● Exercise brief:
The material below holds pictures, which are to be left out; copy exactly the lines from the one with "Retro Flowers Brown" through the one with "Illustration of a".

**** Listed records ****

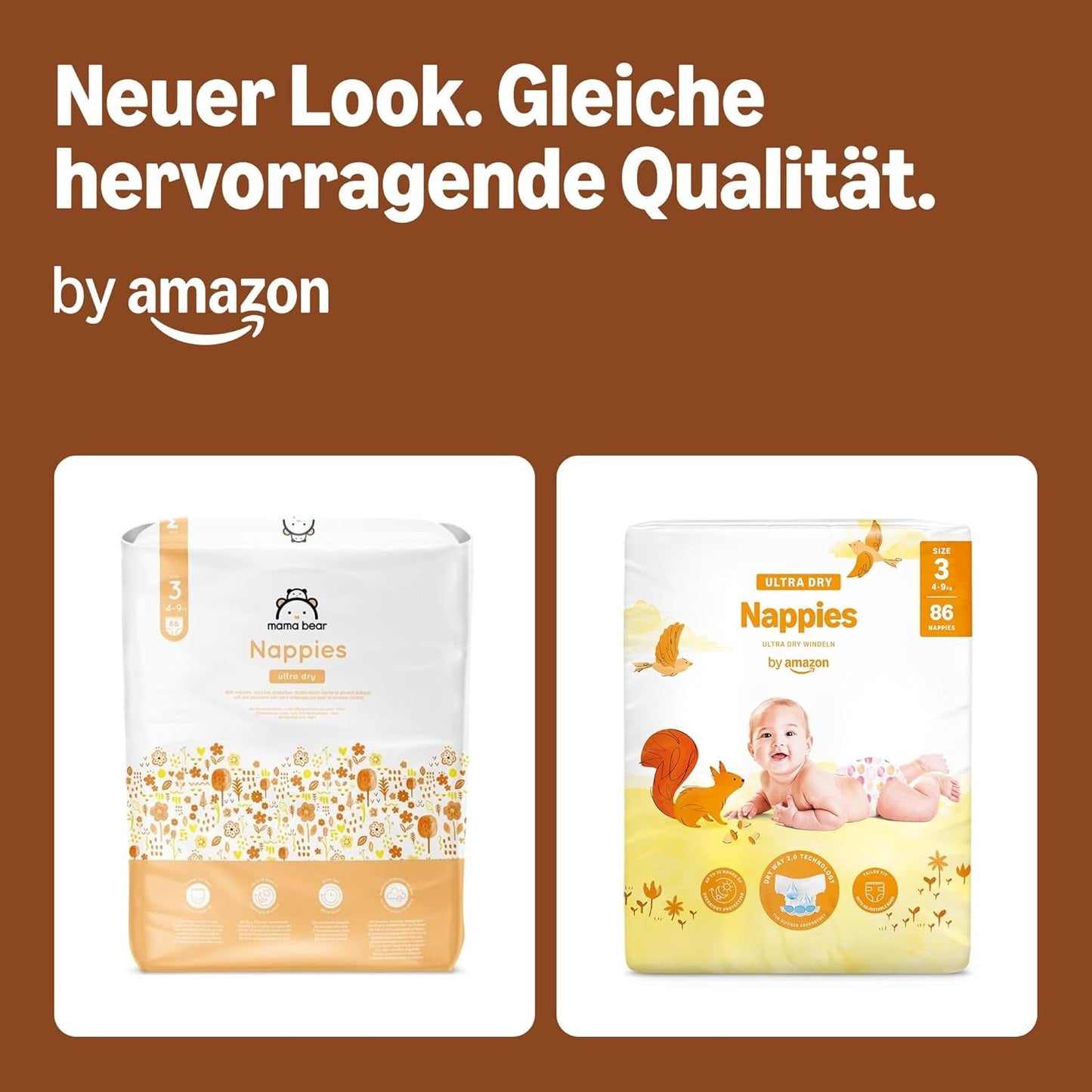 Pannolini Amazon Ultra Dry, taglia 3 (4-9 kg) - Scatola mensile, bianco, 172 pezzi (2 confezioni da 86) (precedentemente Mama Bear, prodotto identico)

****
**** Listed records ****

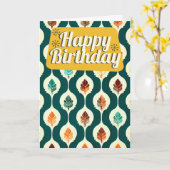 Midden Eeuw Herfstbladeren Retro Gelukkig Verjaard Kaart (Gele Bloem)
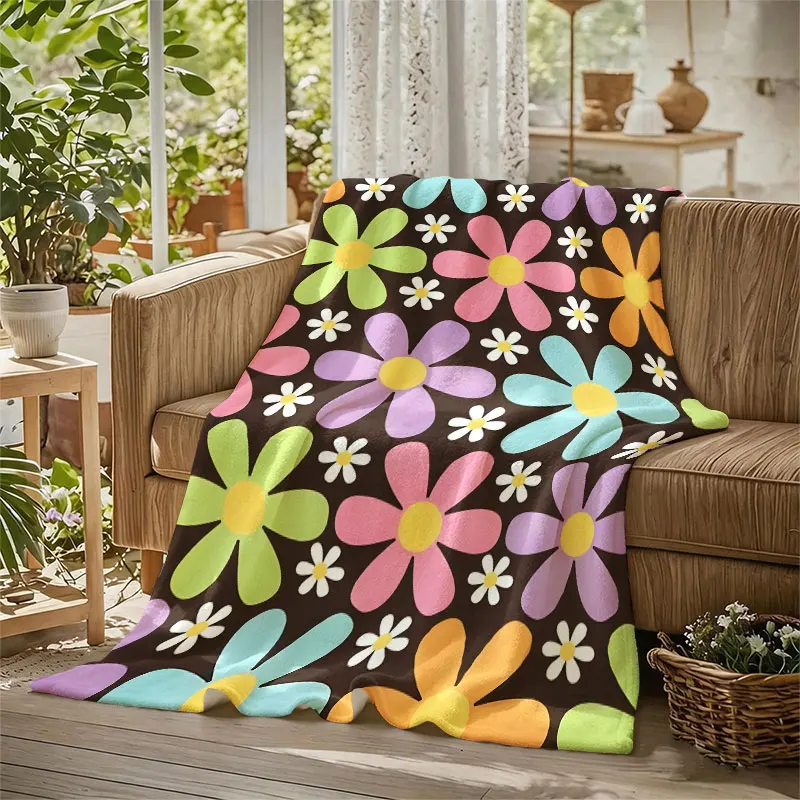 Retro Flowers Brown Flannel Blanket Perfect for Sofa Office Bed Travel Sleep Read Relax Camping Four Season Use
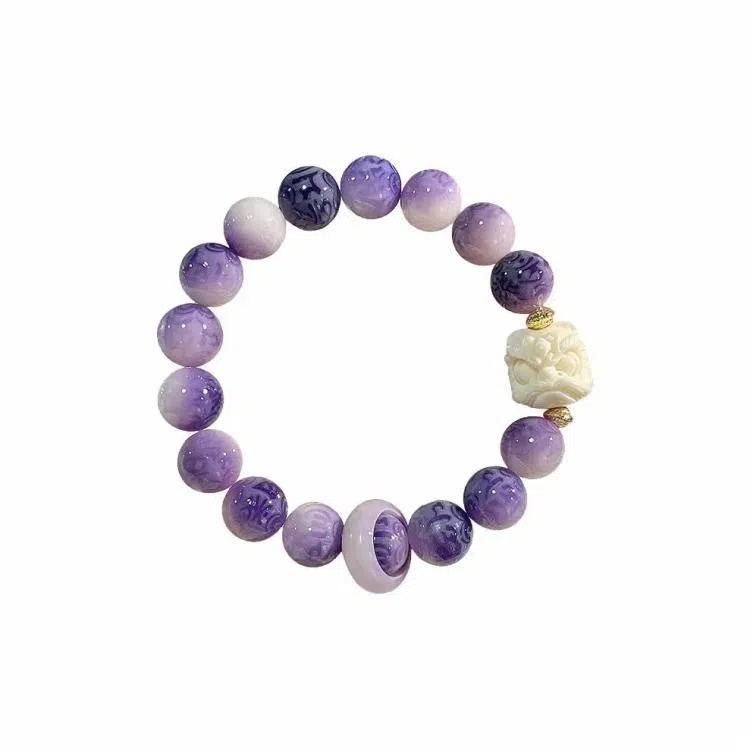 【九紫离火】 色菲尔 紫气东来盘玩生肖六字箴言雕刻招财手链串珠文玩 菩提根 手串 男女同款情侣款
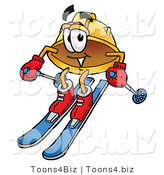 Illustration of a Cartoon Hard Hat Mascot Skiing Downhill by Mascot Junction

****

● Exercise answer:
 Retro Flowers Brown Flannel Blanket Perfect for Sofa Office Bed Travel Sleep Read Relax Camping Four Season Use
 【九紫离火】 色菲尔 紫气东来盘玩生肖六字箴言雕刻招财手链串珠文玩 菩提根 手串 男女同款情侣款
 Illustration of a Cartoon Hard Hat Mascot Skiing Downhill by Mascot Junction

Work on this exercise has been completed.